**EXERCISE INSTRUCTIONS:**
Leave out any pictures and transcribe all other data below exactly.

**AVAILABLE DATA:**
+ + + +

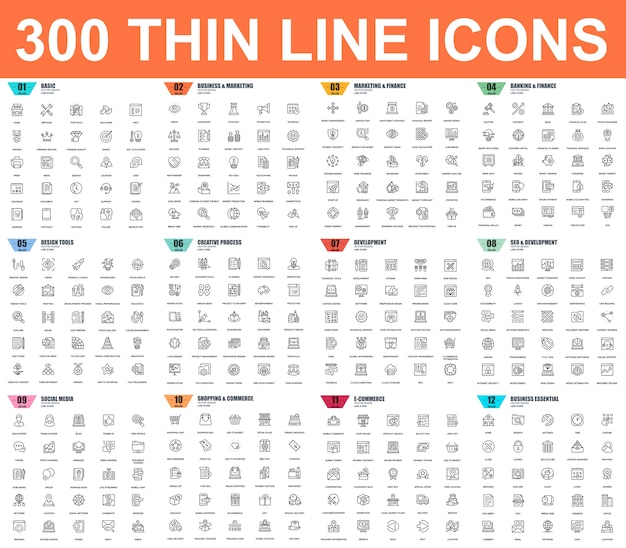 Vector simple set of vector thin line icons. 48x48 pixel perfect. linear pictogram pack.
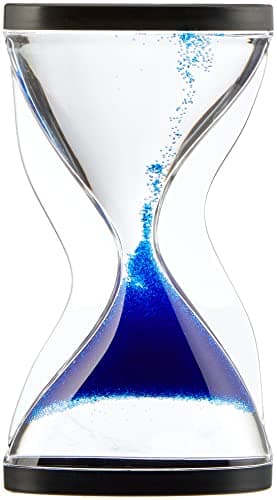 TFA Dostmann Sablier liqudie, Hourglass Contra, 18.6008.04, Les Billes bougent de Bas en Haut, Design Exceptionnel, durée Environ 10 Min, sablier decoratif, Bleu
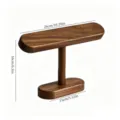 Expositor de joyas de madera en acabado nogal con medidas - Soporte de Capa Única Ovalada Inclinada / 16cm / Nogal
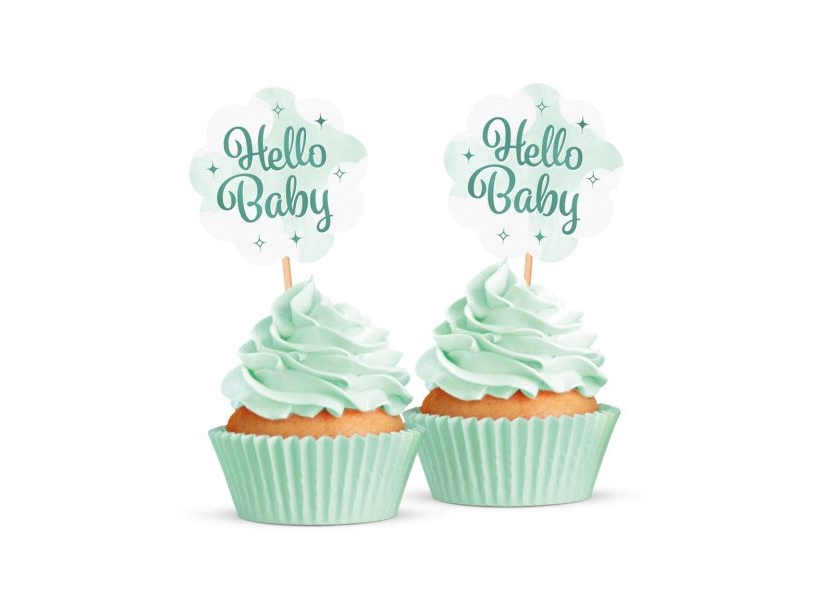 „Hello Baby“-Kuchendekoration, Mint, 12 Stück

+ + + +

**RESPONSE TO THE TASK:**
 Vector simple set of vector thin line icons. 48x48 pixel perfect. linear pictogram pack.
 TFA Dostmann Sablier liqudie, Hourglass Contra, 18.6008.04, Les Billes bougent de Bas en Haut, Design Exceptionnel, durée Environ 10 Min, sablier decoratif, Bleu
 Expositor de joyas de madera en acabado nogal con medidas - Soporte de Capa Única Ovalada Inclinada / 16cm / Nogal
 „Hello Baby“-Kuchendekoration, Mint, 12 Stück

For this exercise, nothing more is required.